EXERCISE INSTRUCTIONS —
A word-for-word copy of the listing is what's needed; leave out every image.

--- --- ---

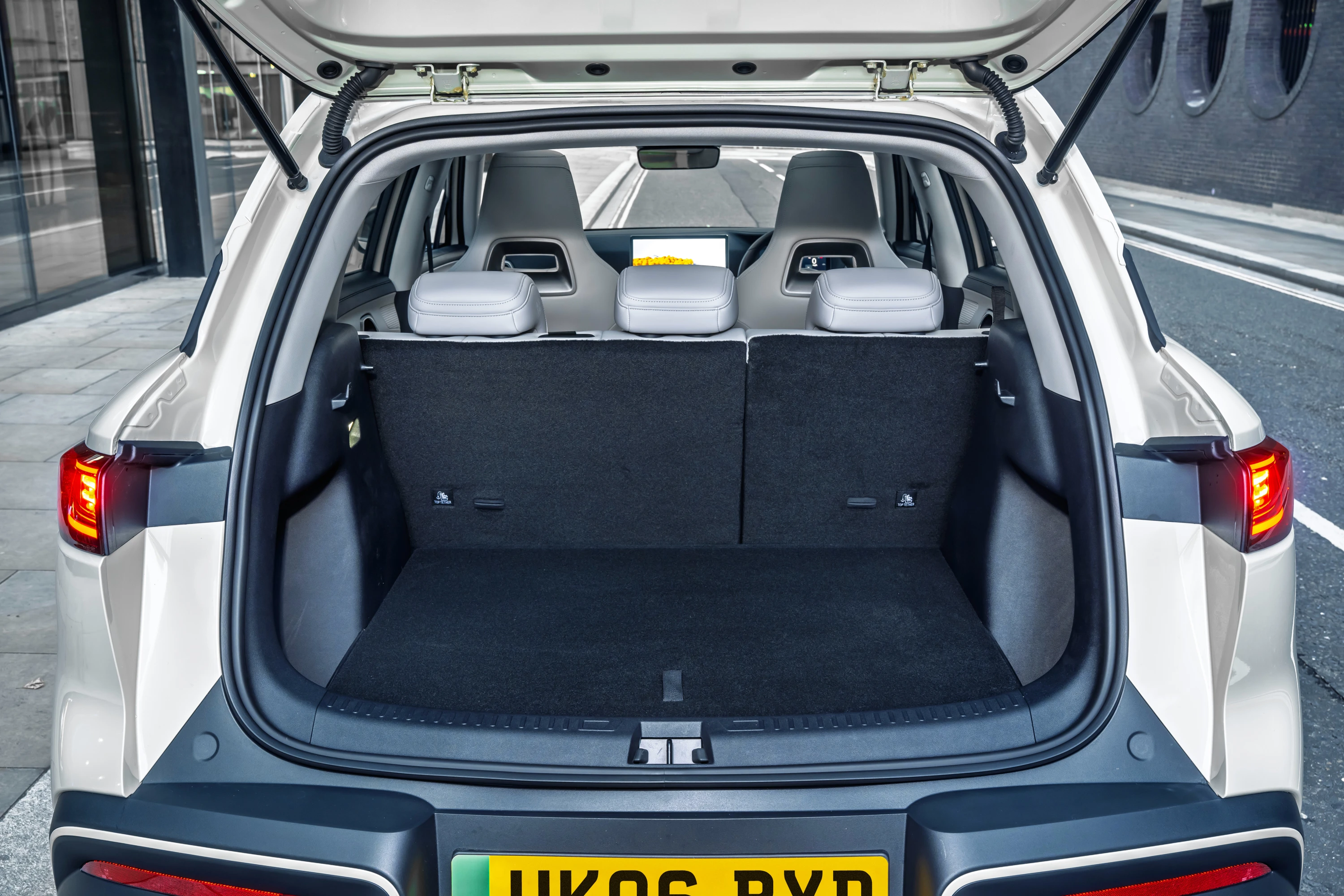 BYD ATTO 2 45.12 kWh trunk view
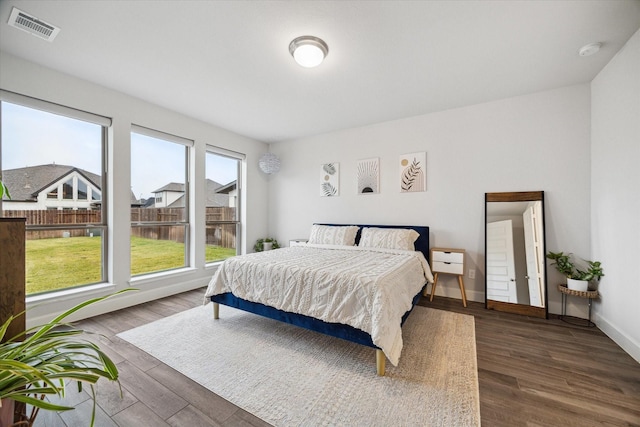 9410 Knollwood Ln, Missouri City, TX 77459 - bedroom featuring dark wood-style floors, baseboards, and visible vents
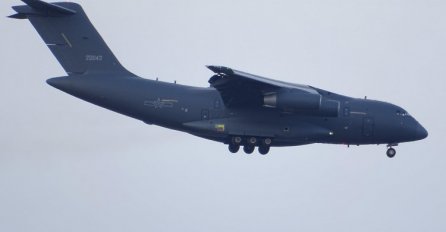 U Srbiju sletjelo šest kineskih vojnih aviona: Da li su nosili Vučićevo "najmoćnije" oružje?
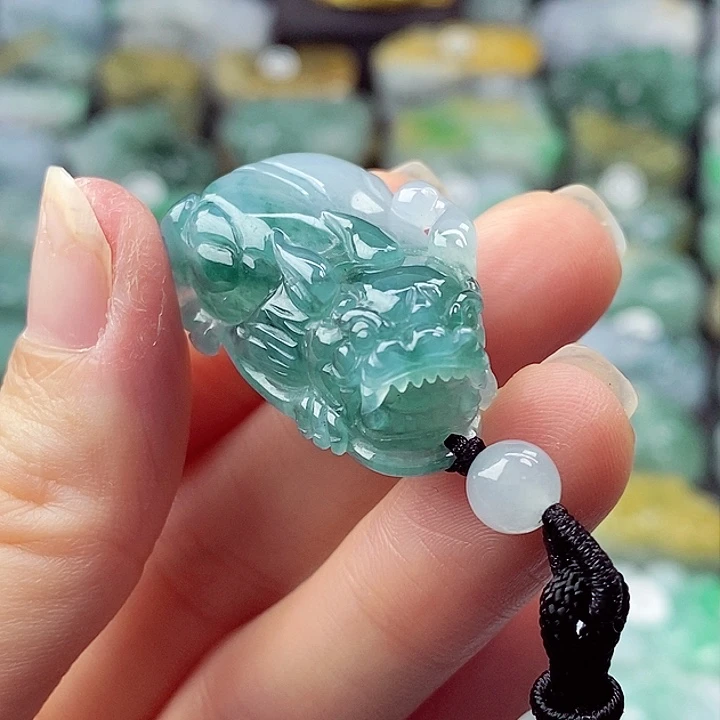 颈饰未镶嵌翡翠天然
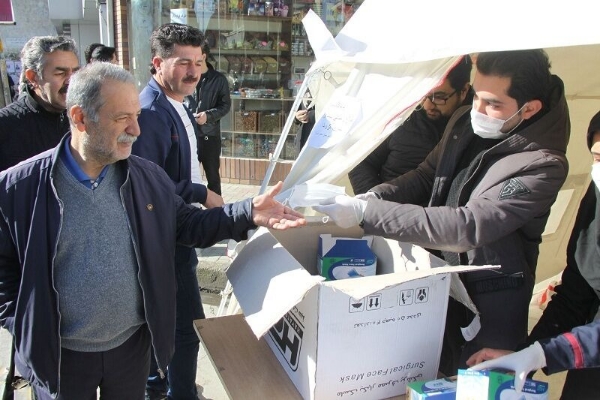 توزیع ماسک رایگان از محل درآمد موقوفات مهاباد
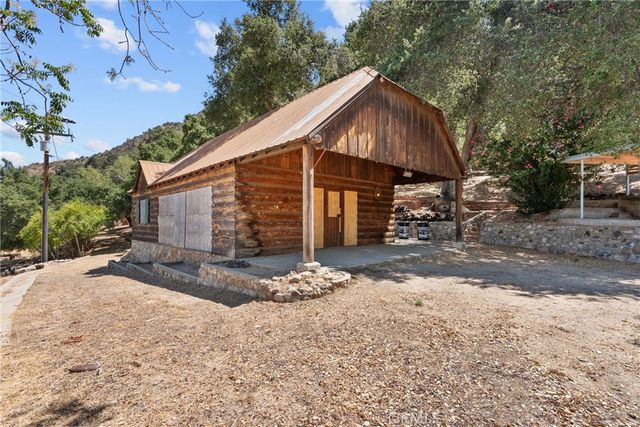 27772 Parker Rd, Castaic, CA 91384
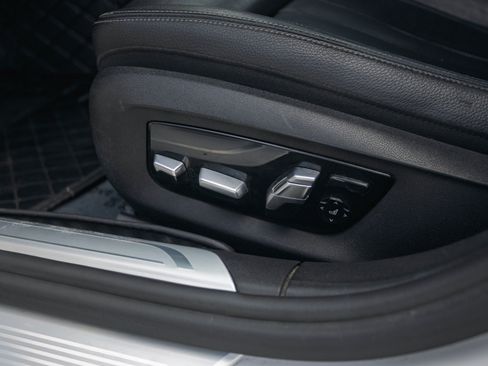 Used 2018 BMW 740i RWD image 21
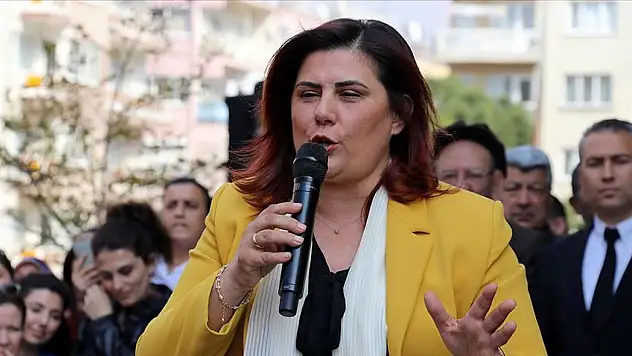 Aydın Büyükşehir Belediye Başkanı Özlem Çerçioğlu ve 3 ilçenin AK Parti'ye geçeceği iddia edildi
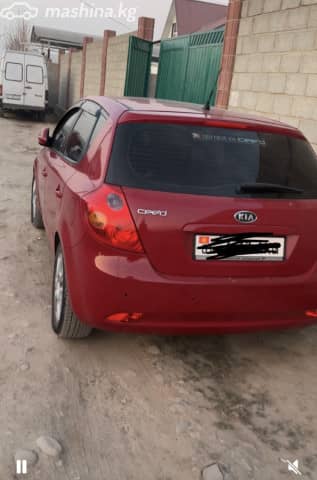 Kia Ceed I 2.0 MT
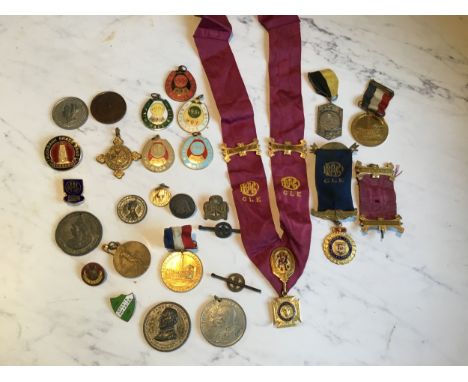 Enamel and other badges, Bath Race Club 1980, 1981, 1982, 1983; &nbsp;Avon Brass Band; etc 
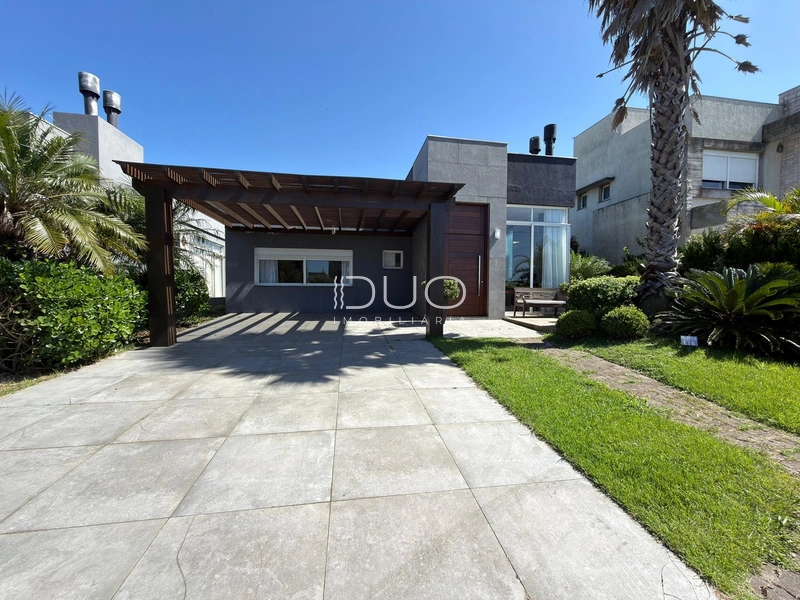 CASA NO CONDOMÍNIO DUBAI RESORT EM CAPÃO DA CANOA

--- --- ---

TASK SOLUTION —
 BYD ATTO 2 45.12 kWh trunk view
 9410 Knollwood Ln, Missouri City, TX 77459 - bedroom featuring dark wood-style floors, baseboards, and visible vents
 U Srbiju sletjelo šest kineskih vojnih aviona: Da li su nosili Vučićevo "najmoćnije" oružje?
 颈饰未镶嵌翡翠天然
 توزیع ماسک رایگان از محل درآمد موقوفات مهاباد
 27772 Parker Rd, Castaic, CA 91384
 Used 2018 BMW 740i RWD image 21
 Aydın Büyükşehir Belediye Başkanı Özlem Çerçioğlu ve 3 ilçenin AK Parti'ye geçeceği iddia edildi
 Kia Ceed I 2.0 MT
 Enamel and other badges, Bath Race Club 1980, 1981, 1982, 1983; &nbsp;Avon Brass Band; etc 
 CASA NO CONDOMÍNIO DUBAI RESORT EM CAPÃO DA CANOA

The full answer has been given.